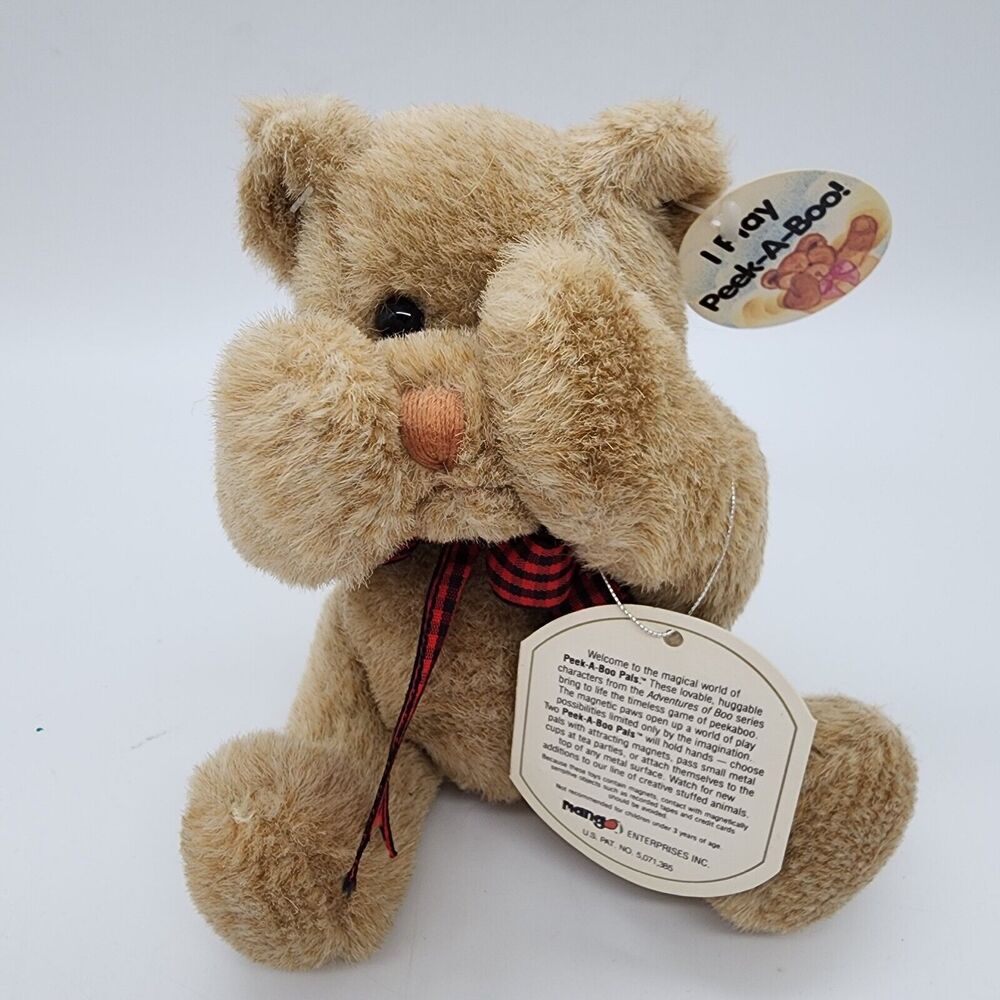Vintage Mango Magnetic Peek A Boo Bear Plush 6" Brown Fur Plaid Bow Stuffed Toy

^^^^

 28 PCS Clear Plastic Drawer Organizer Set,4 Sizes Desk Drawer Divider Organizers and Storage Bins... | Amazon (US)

^^^^

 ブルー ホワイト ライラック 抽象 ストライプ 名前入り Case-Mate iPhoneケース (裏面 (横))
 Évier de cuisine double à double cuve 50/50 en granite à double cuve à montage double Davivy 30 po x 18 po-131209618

^^^^

Lines wanted from the listing above: the line with "ブルー ホワイト ライラック" up to and including the line with "Évier de cuisine". Please write them out exactly, adding nothing else.

 ブルー ホワイト ライラック 抽象 ストライプ 名前入り Case-Mate iPhoneケース (裏面 (横))
 Évier de cuisine double à double cuve 50/50 en granite à double cuve à montage double Davivy 30 po x 18 po-131209618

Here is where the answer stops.